Types of Brokerage Fees in India

Flat-fee vs. percentage-based brokerage
Brokerage in India typically comes as either a flat fee per trade or a percentage of the trade value. Flat-fee models, popularized by discount brokers like Zerodha and Upstox, charge a fixed amount (e.g., ₹20 per trade) regardless of the trade size. This can be a boon for high-value trades but might be less economical for small trades.

Percentage-based brokerage, found in some full-service brokers like Angel One, charges a portion of the trade value (often between 0.1% and 0.5%). This model can get pricey when trading large amounts but might be more cost-effective for small trades. Knowing which model suits your trading pattern can save you unnecessary expenses.

Additional charges like GST and STT
Apart from the brokerage, traders must also pay taxes like Securities Transaction Tax (STT) and Goods and Services Tax (GST). STT applies to certain transactions like equity intraday and delivery-based trades, usually around 0.1% of the transaction value. GST is levied at 18% on the brokerage amount.

These taxes are non-negotiable and add to your overall cost, so factoring them in alongside brokerage is crucial. For example, if your brokerage is ₹20 per trade, GST adds ₹3.6 extra, and STT comes on top of that for applicable trades.

Other account and transaction fees
Brokers may also charge fees like demat account maintenance, call and trade fees, and transaction charges. These might seem small but can add up over time. For example, annual demat charges can be ₹300-₹800, and call and trade fees might run into transactional costs for phone-based orders. It's important to read through the fee disclosures to avoid surprises.

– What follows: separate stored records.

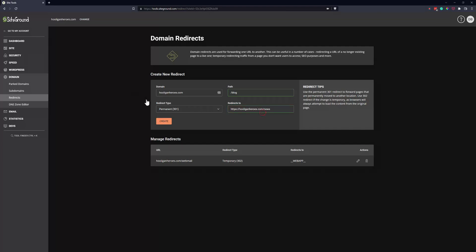You can see that SiteGround likes what we've done, so they put the little green boxes. This should validate, this should be good. Let's go ahead and click on create.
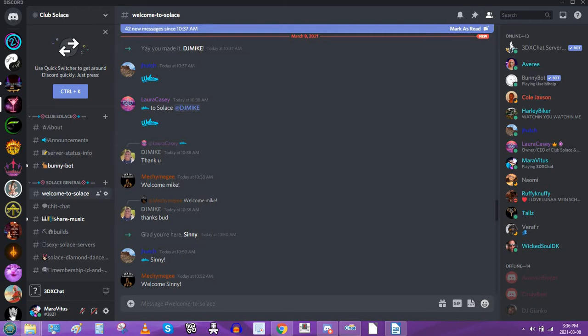I am actually going to link the first part in the description of this video when I'm done, but I have been given permission by my friend Maura to use the emojis from her server. So she has a server called Club Solus because she runs Club Solus and, or at least, the Discord server for it.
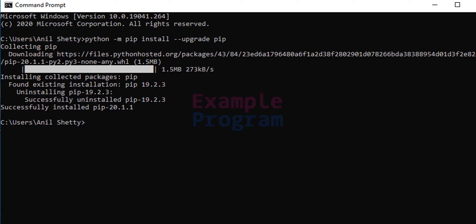So it has uninstalled the 19.2.3 and installed 20.1.1. So now I have the latest version of Python package installer pip installed in my computer.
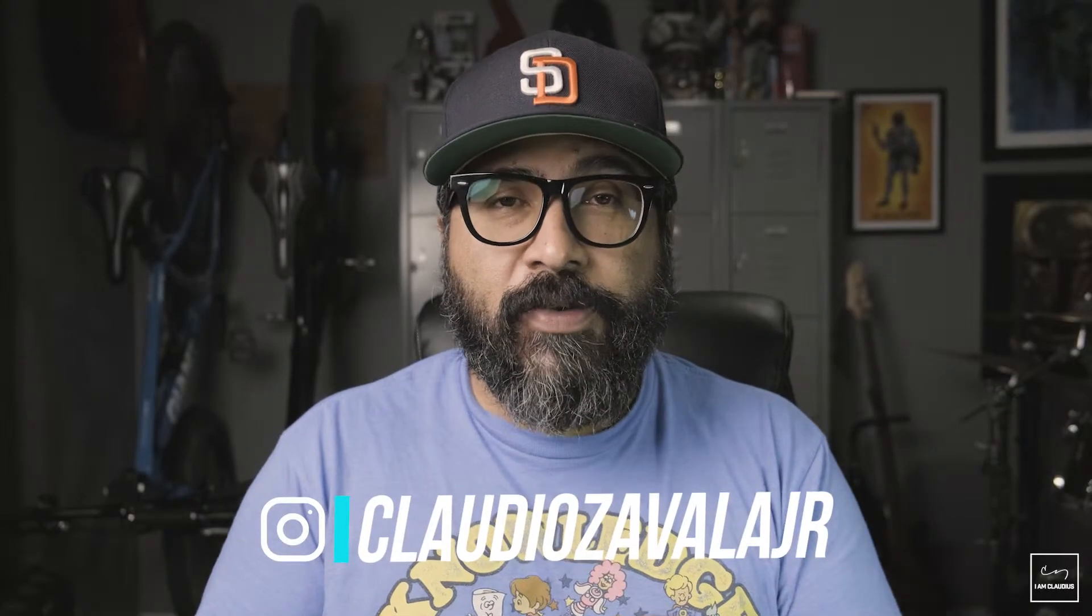What's going on everybody? Claudio Zavala Jr. here and welcome back. Today, I'm going to try to be very quick and just share with you one tip here that I use when I'm editing my photos using Lightroom. Now, you can do this in the desktop app as well as on your mobile phone. So without any further ado, let's go ahead and jump in there.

Why Brokerage Charges Matter for Traders

Impact on short-term and long-term trading profits
For short-term traders, every rupee counts because they place many trades in a day or week. High brokerage eats into the narrow profit margins commonly seen in day trading or swing trading, often turning decent trades into losses.

By contrast, long-term investors, who hold stocks for months or years, face fewer trades and hence lower cumulative brokerage costs. Still, they should avoid platforms charging high upfront fees or multiple hidden charges because those costs reduce the overall returns over the investment period.

Effect on small vs. large investors
Small investors struggle more with percentage-based brokerage since even minimal fees shrink their limited capital. For example, on a ₹5,000 trade, a 0.5% brokerage means ₹25, which may be steep relative to profits.

Large investors usually enjoy flat brokerage plans or negotiated rates, making fees predictable and sometimes lower in percentage terms. However, if they transact small amounts frequently, they risk paying more if the broker charges per trade. So, aligning brokerage structure with investment size is key.

Remember, the goal is to keep your costs low enough to let your investments grow, not let them get eaten up by fees and taxes. Picking the right kind of brokerage fee model matching your trade size and style is half the battle won.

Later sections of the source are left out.